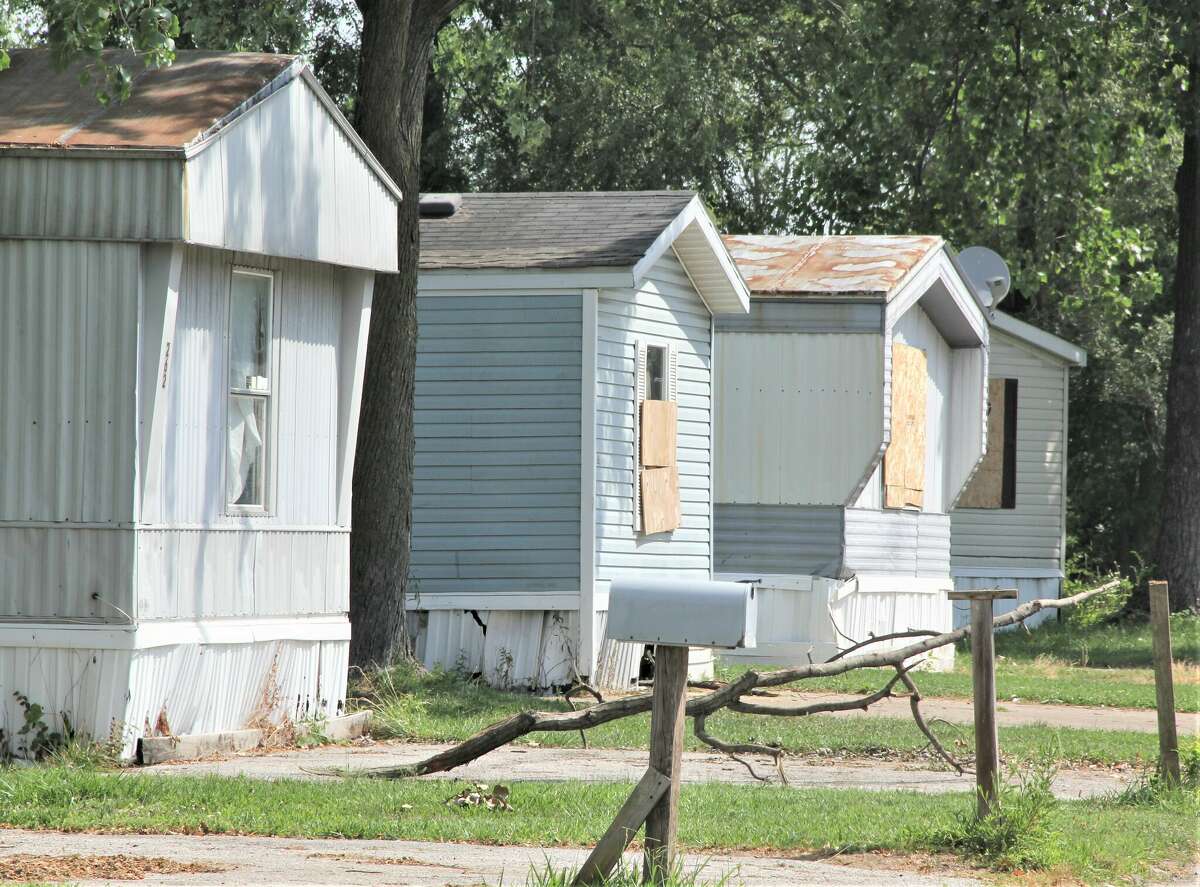 Panel balks at renewing Granite City mobile home park license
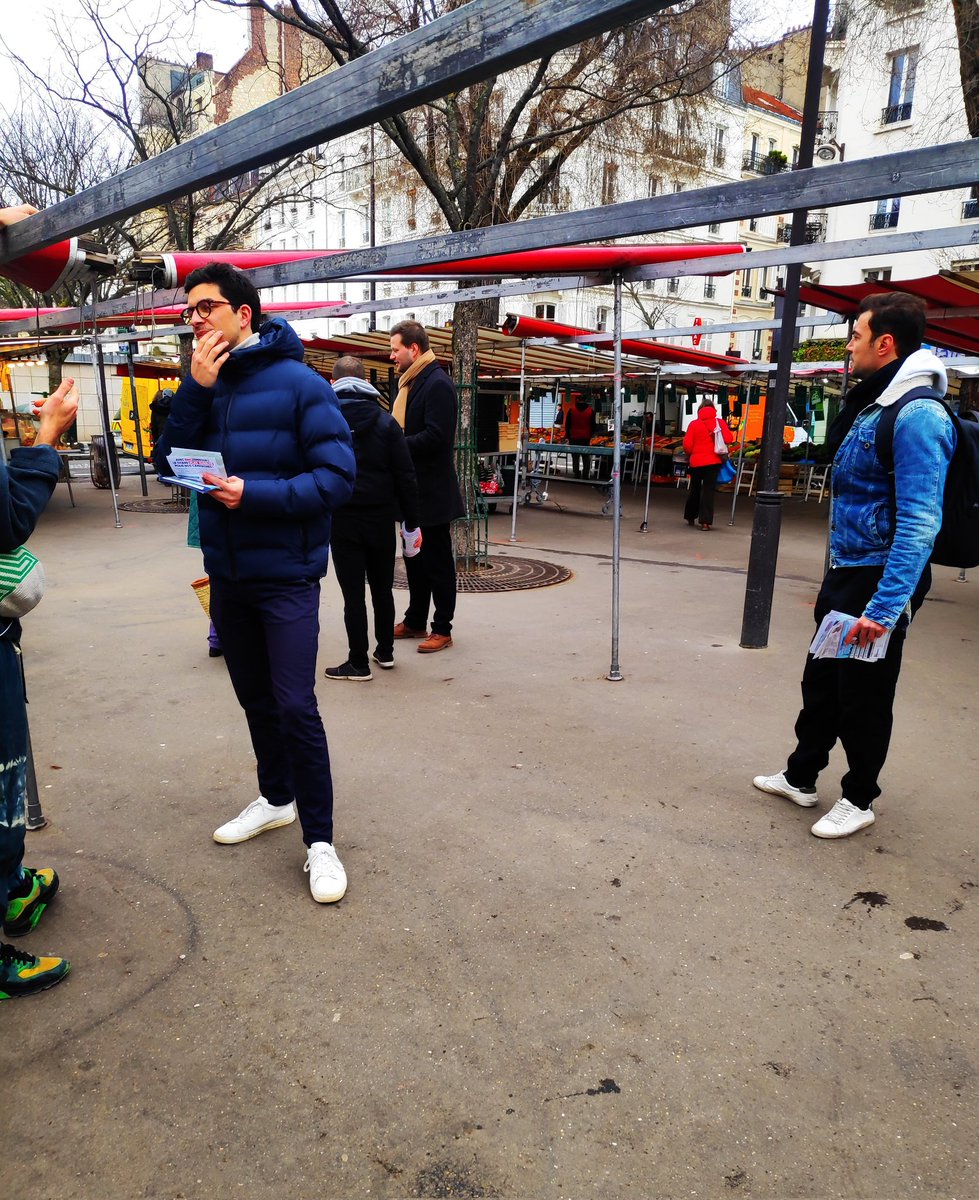 FranckLC's tweet photo. Encore une excellente journée pour @ReconqueteXiv - @ReconqueteParis avec des rencontres sur le marchés et dans les rues du #14e du matin au soir! Des #Quatorziens de plus en plus sensibles aux propositions de @ZemmourEric - @Reconquete2022 !
#Zemmour2emeTour 
#500Parrainages https://t.co/ralnsyQgOk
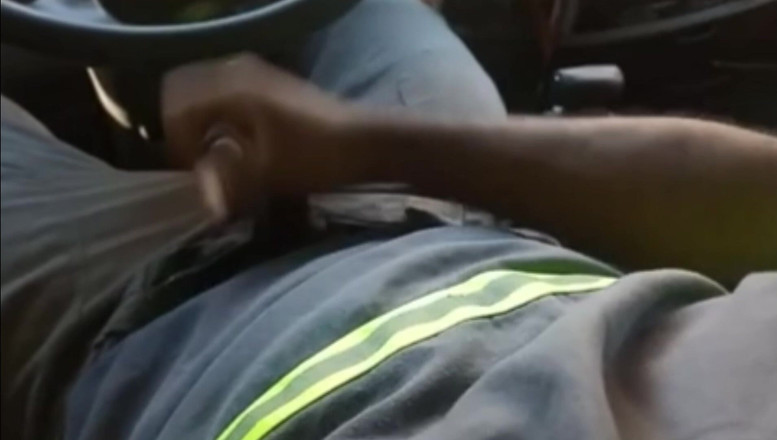 TheBlacKHunterr: Spuść się w ciężarówce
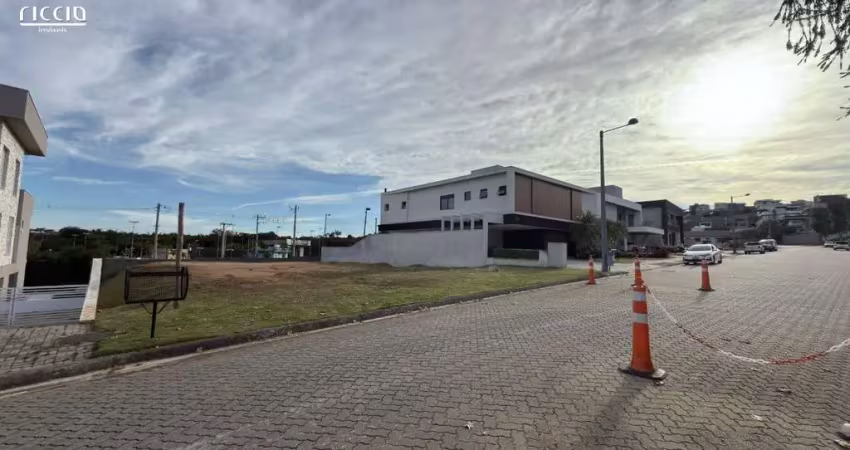 Terreno à venda com projeto aprovado e terraplanado no cond. reserva do paratehy urbanova 731,86 m² - são josé dos campos/sp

★ ★ ★ ★ ★

» **Exercise brief**
Each record above needs to be copied exactly, with images left out.

» **Your solution**
 Panel balks at renewing Granite City mobile home park license
 FranckLC's tweet photo. Encore une excellente journée pour @ReconqueteXiv - @ReconqueteParis avec des rencontres sur le marchés et dans les rues du #14e du matin au soir! Des #Quatorziens de plus en plus sensibles aux propositions de @ZemmourEric - @Reconquete2022 !
#Zemmour2emeTour 
#500Parrainages https://t.co/ralnsyQgOk
 TheBlacKHunterr: Spuść się w ciężarówce
 Terreno à venda com projeto aprovado e terraplanado no cond. reserva do paratehy urbanova 731,86 m² - são josé dos campos/sp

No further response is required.